Slow N1QL performance on covered queries

Hello!

We have a single node cluster and about 160,000 documents in our bucket. All of our N1QL queries are running slowly. The following query, although it is fully covered with an index, takes much longer to run than expected (~2 seconds).

The query:

SELECT per.nameFirst, per.nameLast, per.dateOfBirth
FROM deco_db_deco per
WHERE per.type = ‘person’ AND LOWER(per.nameLast) like '%smith%'
ORDER BY per.nameLast desc

Here is the explain:

EXPLAIN:
[
{
“plan”: {
"#operator": “Sequence”,
"~children": [
{
"#operator": “Sequence”,
"~children": [
{
"#operator": “IndexScan”,
“covers”: [
“cover ((per.type))”,
“cover ((per.nameFirst))”,
“cover ((per.nameLast))”,
“cover ((per.dateOfBirth))”,
“cover ((per.ssn))”,
“cover ((per.client_ids))”,
“cover ((per.address))”,
“cover ((meta(per).id))”,
“cover ((meta(per).id))”
],
“filter_covers”: {
“cover ((per.type))”: “person”
},
“index”: “search_persons_all_index”,
“index_id”: “9fd4b2dae726acfe”,
“keyspace”: “deco_db_deco”,
“namespace”: “default”,
“spans”: [
{
“Exact”: true,
“Range”: {
“High”: [
“successor(“person”)”
],
“Inclusion”: 1,
“Low”: [
"“person”"
]
}
}
],
“using”: “gsi”
},
{
"#operator": “Parallel”,
"~child": {
"#operator": “Sequence”,
"~children": [
{
"#operator": “Filter”,
“condition”: “((cover ((per.type)) = “person”) and (lower(cover ((per.nameLast))) like “%smith%”))”
},
{
"#operator": “InitialProject”,
“result_terms”: [
{
“expr”: “cover ((per.nameFirst))”
},
{
“expr”: “cover ((per.nameLast))”
},
{
“expr”: “cover ((per.dateOfBirth))”
}
]
}
]
}
}
]
},
{
"#operator": “Order”,
“sort_terms”: [
{
“desc”: true,
“expr”: “cover ((per.nameLast))”
}
]
},
{
"#operator": “FinalProject”
}
]
},
“text”: “SELECT per.nameFirst, per.nameLast, per.dateOfBirth \n\tFROM deco_db_deco per \n\tWHERE per.type = ‘person’ AND LOWER(per.nameLast) like ‘%smith%’\n\tORDER BY per.nameLast desc”
}
]

Does anyone have any thoughts or ideas as to why this seemingly simple and indexed query takes so long to run?

Thanks.

  1. The query uses LIKE with leading % on LOWER(per.nameLast) and can’t push the predicate to the Indexer. It means it needs to get all the qualified items of type = “person” and apply the predicate
  2. Also it is doing sort
  3. The index is wide.

If you are using 4.5.1 or above check out SUFFIXES() for LIKE queries https://blog.couchbase.com/n1ql-functionality-enhancements-in-couchbase-server-4-5-1/
https://dzone.com/articles/a-couchbase-index-technique-for-like-predicates-wi

CREATE INDEX ix1 ON default(DISTINCT ARRAY s FOR s IN SUFFIXES(LOWER(nameLast)) END, nameLast, nameFirst, dateOfBirth) WHERE type = "person";

SELECT per.nameFirst, per.nameLast, per.dateOfBirth
FROM default per
WHERE per.type = "person" AND ANY s IN SUFFIXES(LOWER(per.nameLast)) SATISFIES s LIKE "smith%" END
ORDER BY per.nameLast desc;

Thank you for your quick reply, much appreciated. So I tried changing the query to not use a wildcard in it–

SELECT per.nameFirst, per.nameLast, per.dateOfBirth
FROM deco_db_deco per
WHERE per.type = ‘person’ AND per.nameLast = ‘Smith’
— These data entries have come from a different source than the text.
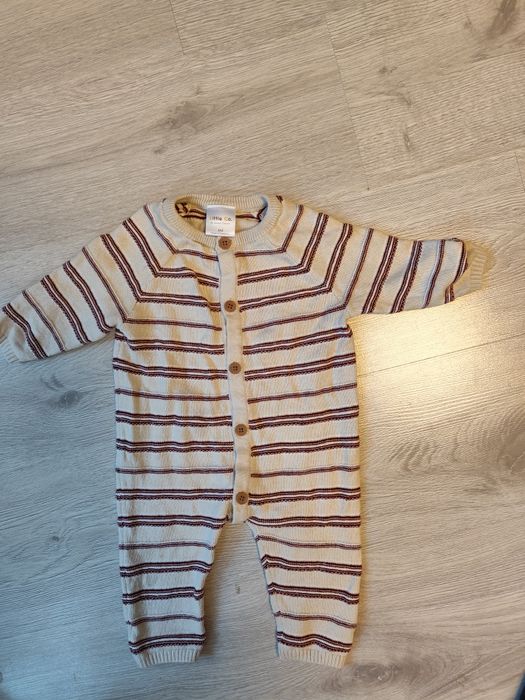 Sweterkowy rampers chłopięcy, nowy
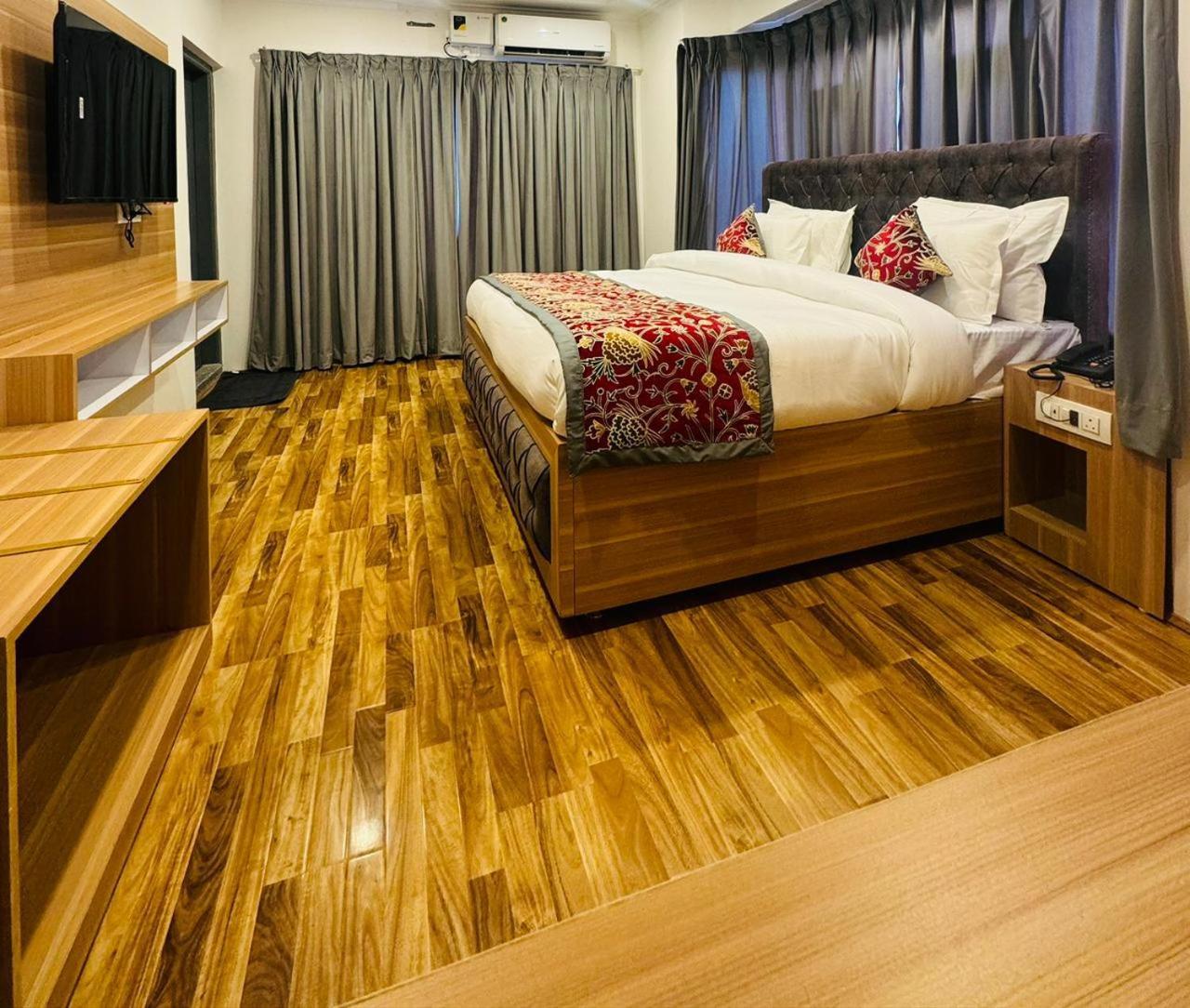 De Elaaf The Luxury Stay Srinagar  Bagian luar foto
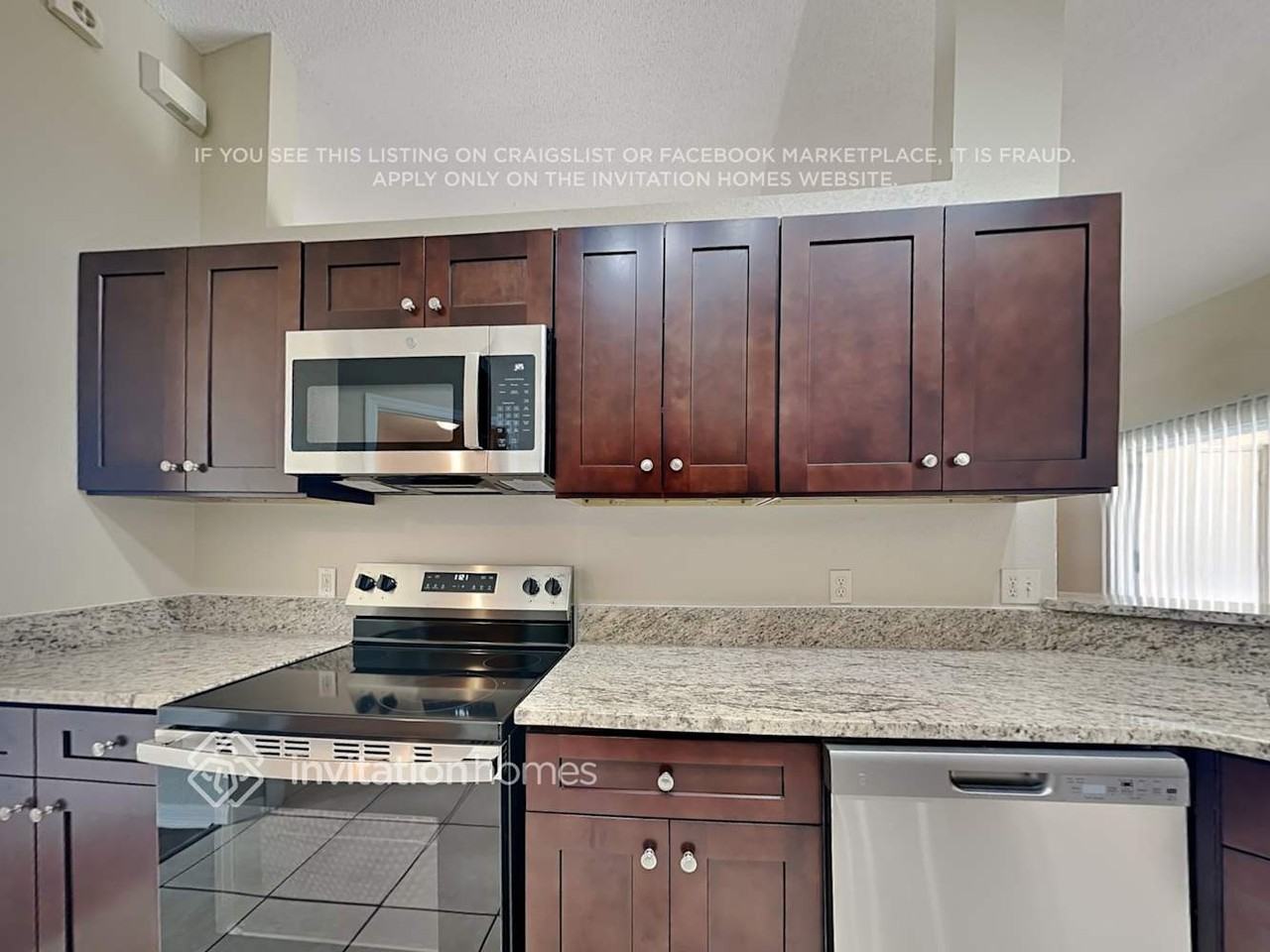 819 Reflections Loop E - Photo 7 of 25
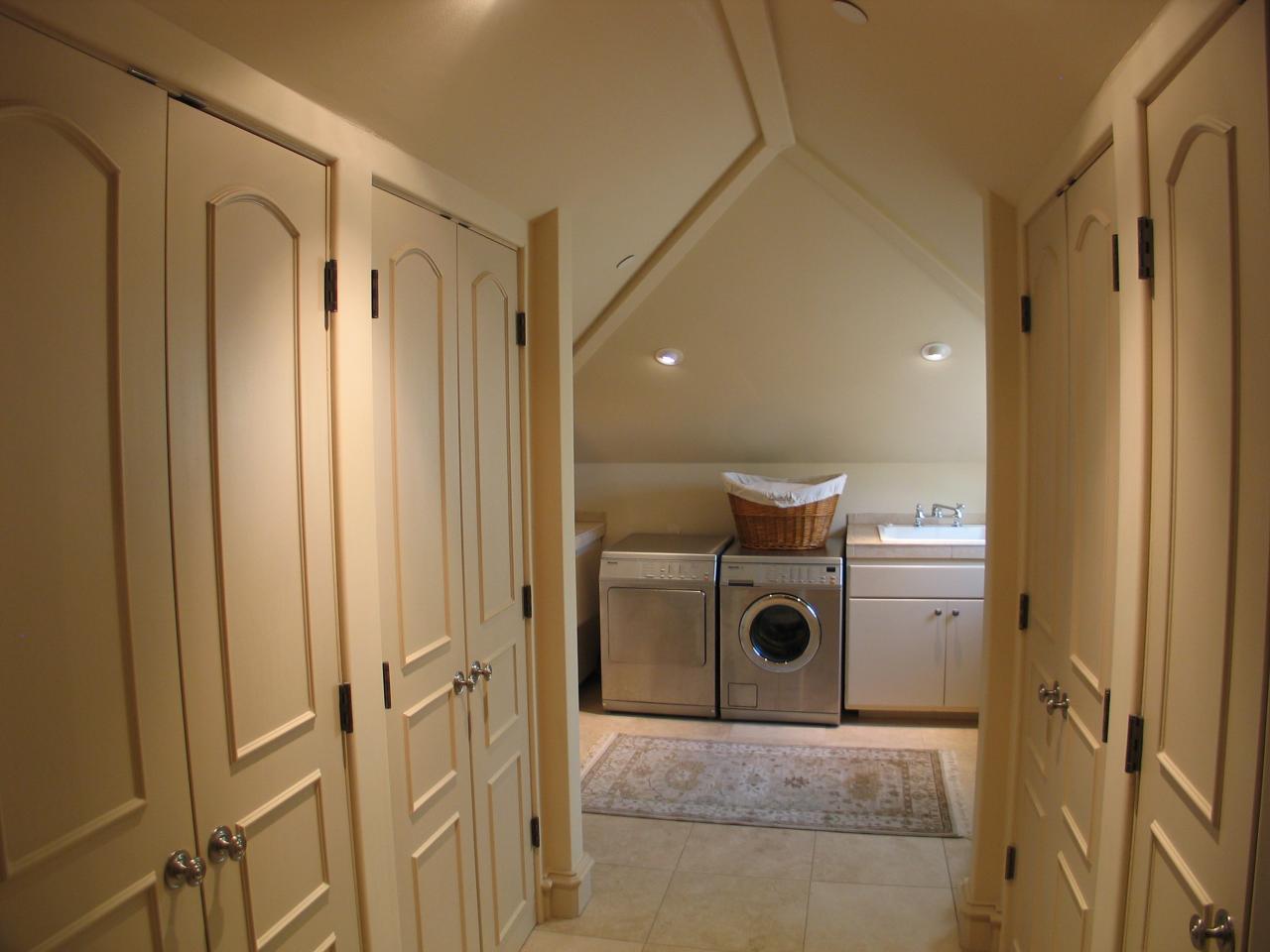 1129 High Road Santa Barbara, CA 93108 - Photo 16 of 18 a utility room with dryer and washer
This query is also fully covered by an index, but takes 2 seconds to run. We removed the wildcards. Any thoughts or ideas why it takes so long?

Thanks

Couchbase Indexer based on b-tree and only leading keys can pushed to indexer when they are present in the predicate, If any leading key not present in the predicate, any trailing keys in predicates can’t pushed to indexer and need to apply after Full Index Scan on non-pushed keys.

The predicate is on type and nameLast but index keys have type, nameFirst, nameLast… i.e it needs to get all the items of type = “person” this same as before.
Right index will be

CREATE INDEX ix1 ON default(nameLast, nameFirst, dateOfBirth) WHERE type = "person";

The following book will has useful information.

Wow thank you that really helped, that decreased the query speed to 46ms (from 2s)! So the order of the keys in the index matters more than we initially thought?

it matters. The book has articles how to optimize the queries and design index.